(Stored data)

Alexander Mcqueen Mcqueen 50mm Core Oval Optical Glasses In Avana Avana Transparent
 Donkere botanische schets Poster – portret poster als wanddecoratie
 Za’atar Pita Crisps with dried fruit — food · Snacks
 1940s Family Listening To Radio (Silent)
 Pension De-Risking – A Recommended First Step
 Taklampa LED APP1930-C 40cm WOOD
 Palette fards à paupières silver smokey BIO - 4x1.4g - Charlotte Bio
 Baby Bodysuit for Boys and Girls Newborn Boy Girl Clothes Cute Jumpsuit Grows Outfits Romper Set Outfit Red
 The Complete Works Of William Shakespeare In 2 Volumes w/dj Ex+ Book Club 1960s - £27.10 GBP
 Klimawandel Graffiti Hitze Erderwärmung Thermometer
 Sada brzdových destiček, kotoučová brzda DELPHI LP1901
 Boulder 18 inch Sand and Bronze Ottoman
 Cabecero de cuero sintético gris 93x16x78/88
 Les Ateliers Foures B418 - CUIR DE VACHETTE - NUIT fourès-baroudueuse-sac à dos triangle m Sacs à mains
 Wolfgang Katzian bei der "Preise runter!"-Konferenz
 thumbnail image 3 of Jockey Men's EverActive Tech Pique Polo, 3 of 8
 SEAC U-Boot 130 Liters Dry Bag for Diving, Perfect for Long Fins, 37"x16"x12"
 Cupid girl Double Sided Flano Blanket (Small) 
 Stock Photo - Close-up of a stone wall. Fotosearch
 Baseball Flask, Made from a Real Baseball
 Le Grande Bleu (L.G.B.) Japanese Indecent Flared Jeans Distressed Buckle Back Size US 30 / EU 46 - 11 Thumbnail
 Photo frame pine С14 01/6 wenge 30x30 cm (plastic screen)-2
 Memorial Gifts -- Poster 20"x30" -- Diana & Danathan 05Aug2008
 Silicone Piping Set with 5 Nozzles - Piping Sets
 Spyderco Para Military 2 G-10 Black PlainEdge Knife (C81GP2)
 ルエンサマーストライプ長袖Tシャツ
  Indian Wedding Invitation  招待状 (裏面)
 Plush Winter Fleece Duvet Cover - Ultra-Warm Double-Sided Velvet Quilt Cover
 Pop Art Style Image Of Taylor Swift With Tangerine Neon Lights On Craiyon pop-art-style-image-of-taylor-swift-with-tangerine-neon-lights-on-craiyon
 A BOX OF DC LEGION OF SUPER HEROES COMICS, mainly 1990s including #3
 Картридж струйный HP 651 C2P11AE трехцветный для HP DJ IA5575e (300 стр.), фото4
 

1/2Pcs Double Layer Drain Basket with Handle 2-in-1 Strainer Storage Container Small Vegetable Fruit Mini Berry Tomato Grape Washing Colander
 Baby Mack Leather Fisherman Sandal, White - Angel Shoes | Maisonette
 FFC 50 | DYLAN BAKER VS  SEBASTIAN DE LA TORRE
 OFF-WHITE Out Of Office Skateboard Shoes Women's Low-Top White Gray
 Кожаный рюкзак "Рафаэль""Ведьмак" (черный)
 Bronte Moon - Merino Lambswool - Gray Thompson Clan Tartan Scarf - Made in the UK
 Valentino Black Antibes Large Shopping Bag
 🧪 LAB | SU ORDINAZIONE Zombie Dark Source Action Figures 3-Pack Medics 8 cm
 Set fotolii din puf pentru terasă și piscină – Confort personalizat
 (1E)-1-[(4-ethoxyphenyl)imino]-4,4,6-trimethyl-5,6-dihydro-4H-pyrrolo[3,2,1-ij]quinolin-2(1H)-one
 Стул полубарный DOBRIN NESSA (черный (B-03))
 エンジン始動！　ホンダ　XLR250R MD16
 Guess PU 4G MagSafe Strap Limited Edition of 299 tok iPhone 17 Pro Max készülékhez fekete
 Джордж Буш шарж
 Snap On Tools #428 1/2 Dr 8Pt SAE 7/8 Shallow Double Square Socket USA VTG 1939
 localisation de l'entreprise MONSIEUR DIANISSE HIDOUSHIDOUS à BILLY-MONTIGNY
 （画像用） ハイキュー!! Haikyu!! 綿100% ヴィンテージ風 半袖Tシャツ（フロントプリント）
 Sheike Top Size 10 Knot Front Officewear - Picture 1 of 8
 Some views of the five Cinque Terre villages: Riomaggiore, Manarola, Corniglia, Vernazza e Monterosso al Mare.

### Your task
Your output must contain exactly the lines from the one containing "FFC 50 | DYLAN" to the final line of the data above, and no other text.

### Response
 FFC 50 | DYLAN BAKER VS  SEBASTIAN DE LA TORRE
 OFF-WHITE Out Of Office Skateboard Shoes Women's Low-Top White Gray
 Кожаный рюкзак "Рафаэль""Ведьмак" (черный)
 Bronte Moon - Merino Lambswool - Gray Thompson Clan Tartan Scarf - Made in the UK
 Valentino Black Antibes Large Shopping Bag
 🧪 LAB | SU ORDINAZIONE Zombie Dark Source Action Figures 3-Pack Medics 8 cm
 Set fotolii din puf pentru terasă și piscină – Confort personalizat
 (1E)-1-[(4-ethoxyphenyl)imino]-4,4,6-trimethyl-5,6-dihydro-4H-pyrrolo[3,2,1-ij]quinolin-2(1H)-one
 Стул полубарный DOBRIN NESSA (черный (B-03))
 エンジン始動！　ホンダ　XLR250R MD16
 Guess PU 4G MagSafe Strap Limited Edition of 299 tok iPhone 17 Pro Max készülékhez fekete
 Джордж Буш шарж
 Snap On Tools #428 1/2 Dr 8Pt SAE 7/8 Shallow Double Square Socket USA VTG 1939
 localisation de l'entreprise MONSIEUR DIANISSE HIDOUSHIDOUS à BILLY-MONTIGNY
 （画像用） ハイキュー!! Haikyu!! 綿100% ヴィンテージ風 半袖Tシャツ（フロントプリント）
 Sheike Top Size 10 Knot Front Officewear - Picture 1 of 8
 Some views of the five Cinque Terre villages: Riomaggiore, Manarola, Corniglia, Vernazza e Monterosso al Mare.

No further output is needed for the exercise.